**MATERIAL FOR THIS EXERCISE**.
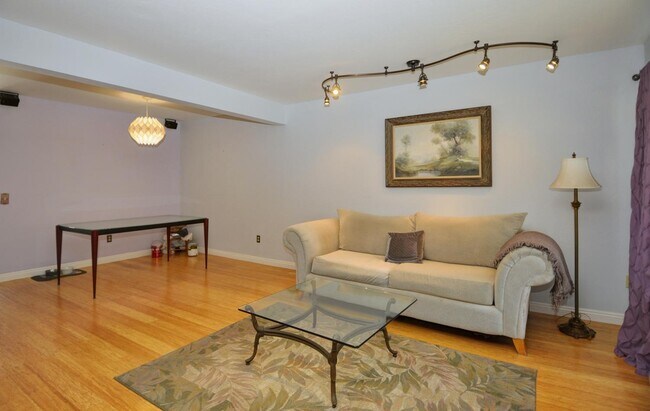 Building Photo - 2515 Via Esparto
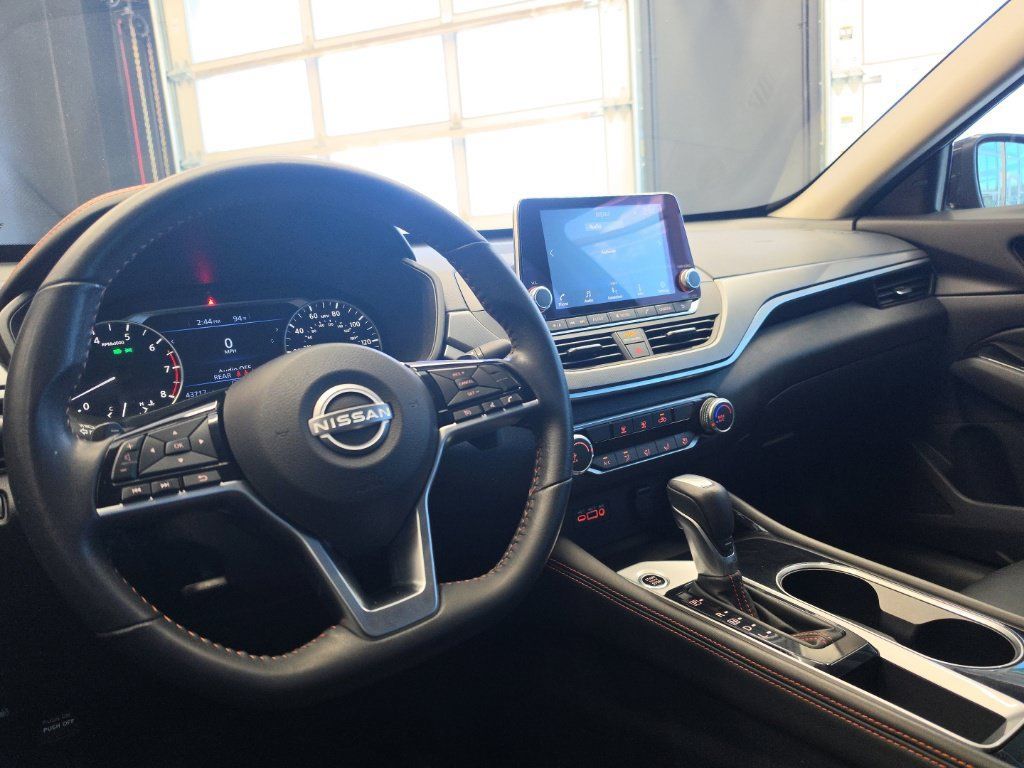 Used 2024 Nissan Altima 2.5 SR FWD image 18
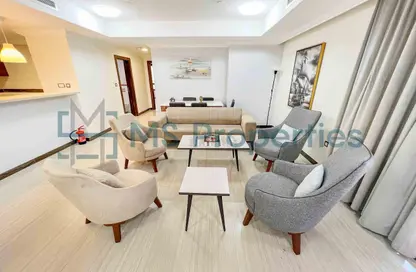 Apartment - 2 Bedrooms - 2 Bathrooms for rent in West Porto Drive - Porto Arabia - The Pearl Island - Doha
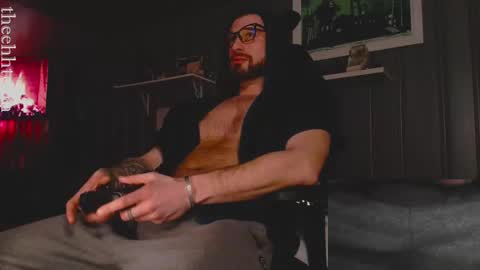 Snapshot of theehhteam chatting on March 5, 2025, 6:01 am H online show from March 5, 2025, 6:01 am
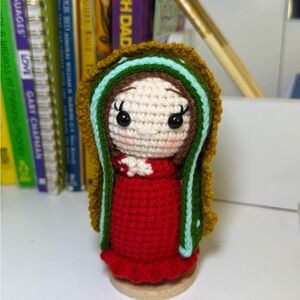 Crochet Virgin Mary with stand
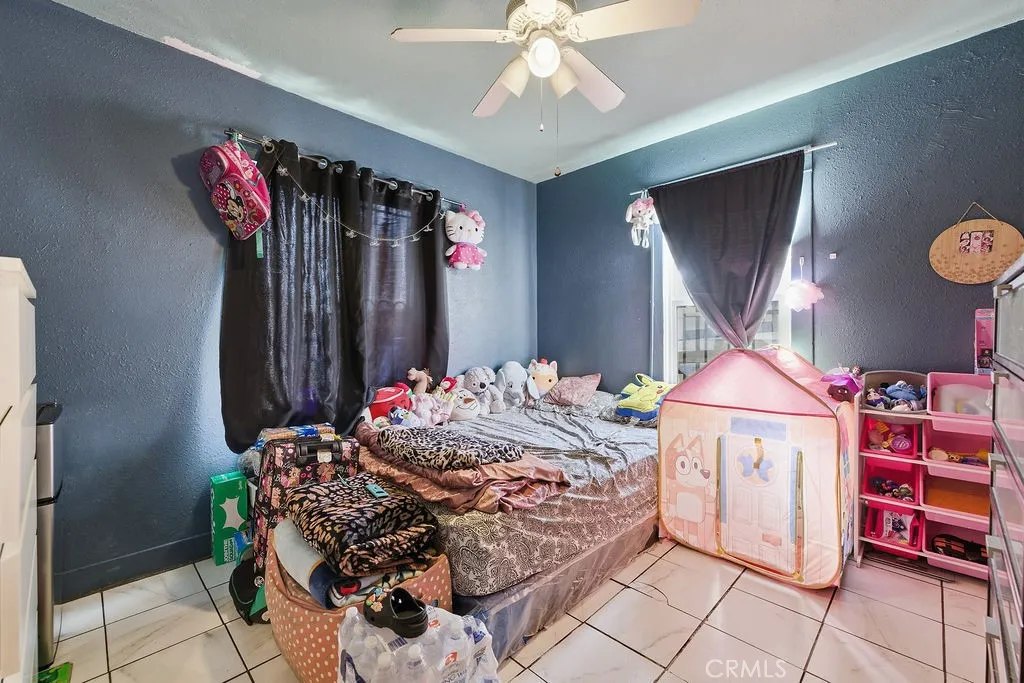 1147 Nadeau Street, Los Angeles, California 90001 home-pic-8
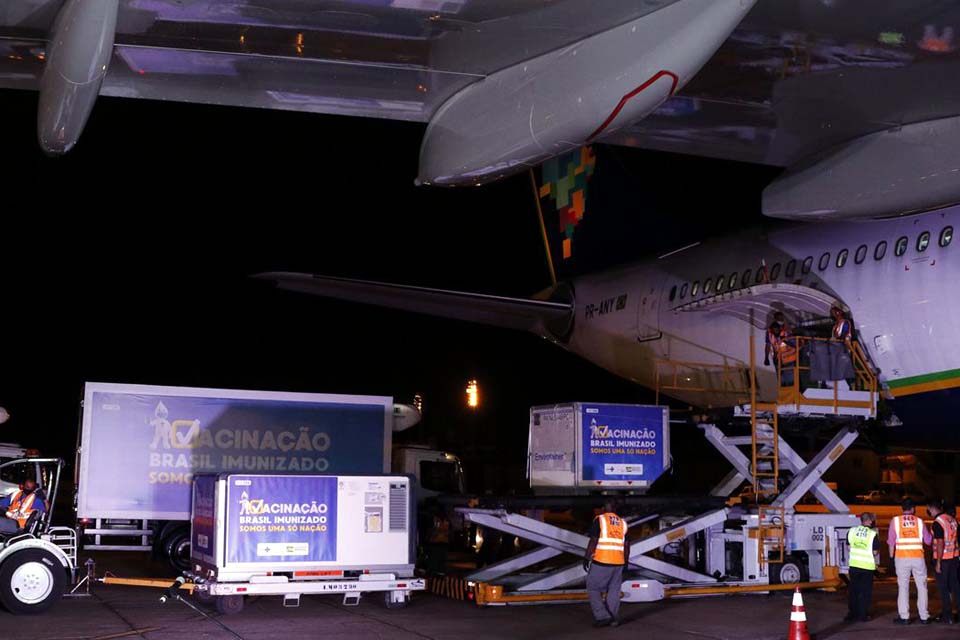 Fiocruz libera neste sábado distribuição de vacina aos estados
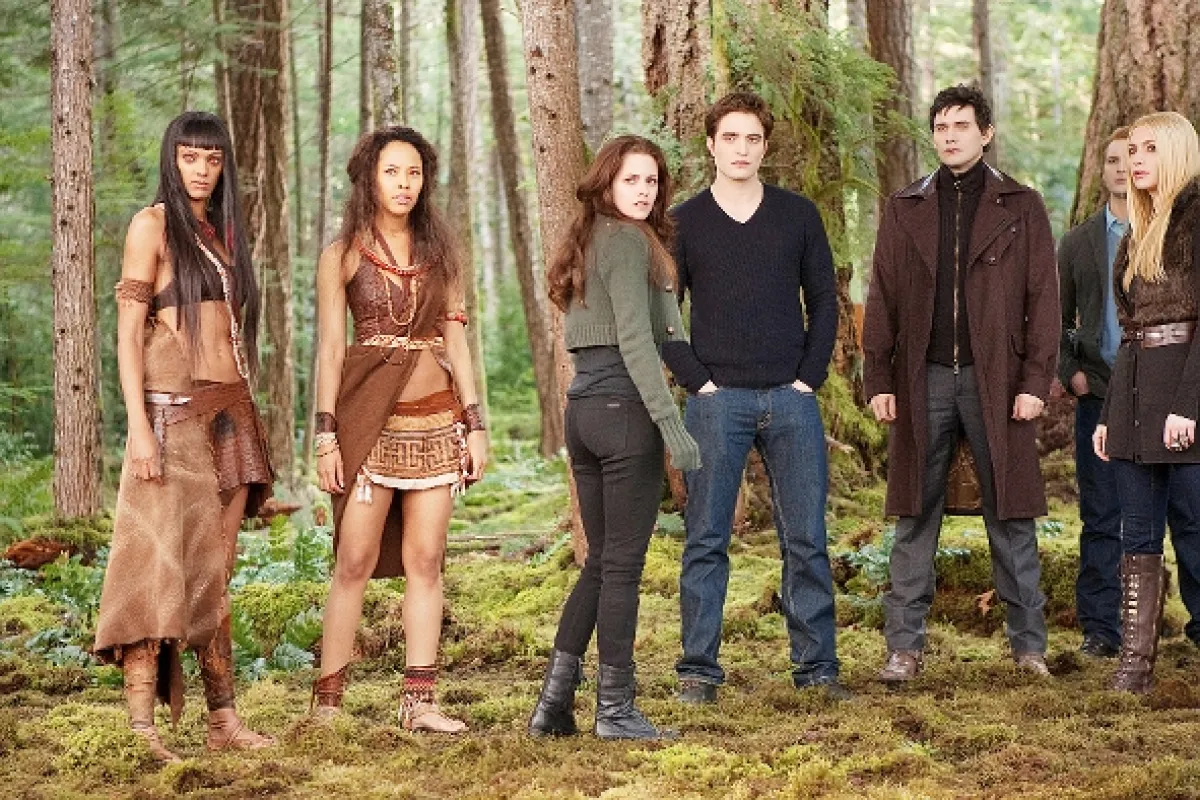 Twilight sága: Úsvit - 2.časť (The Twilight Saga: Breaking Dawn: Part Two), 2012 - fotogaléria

**GOAL OF THE EXERCISE**. All text in the material above must be written out exactly; the images are to be skipped.

**WRITTEN SOLUTION**.
 Building Photo - 2515 Via Esparto
 Used 2024 Nissan Altima 2.5 SR FWD image 18
 Apartment - 2 Bedrooms - 2 Bathrooms for rent in West Porto Drive - Porto Arabia - The Pearl Island - Doha
 Snapshot of theehhteam chatting on March 5, 2025, 6:01 am H online show from March 5, 2025, 6:01 am
 Crochet Virgin Mary with stand
 1147 Nadeau Street, Los Angeles, California 90001 home-pic-8
 Fiocruz libera neste sábado distribuição de vacina aos estados
 Twilight sága: Úsvit - 2.časť (The Twilight Saga: Breaking Dawn: Part Two), 2012 - fotogaléria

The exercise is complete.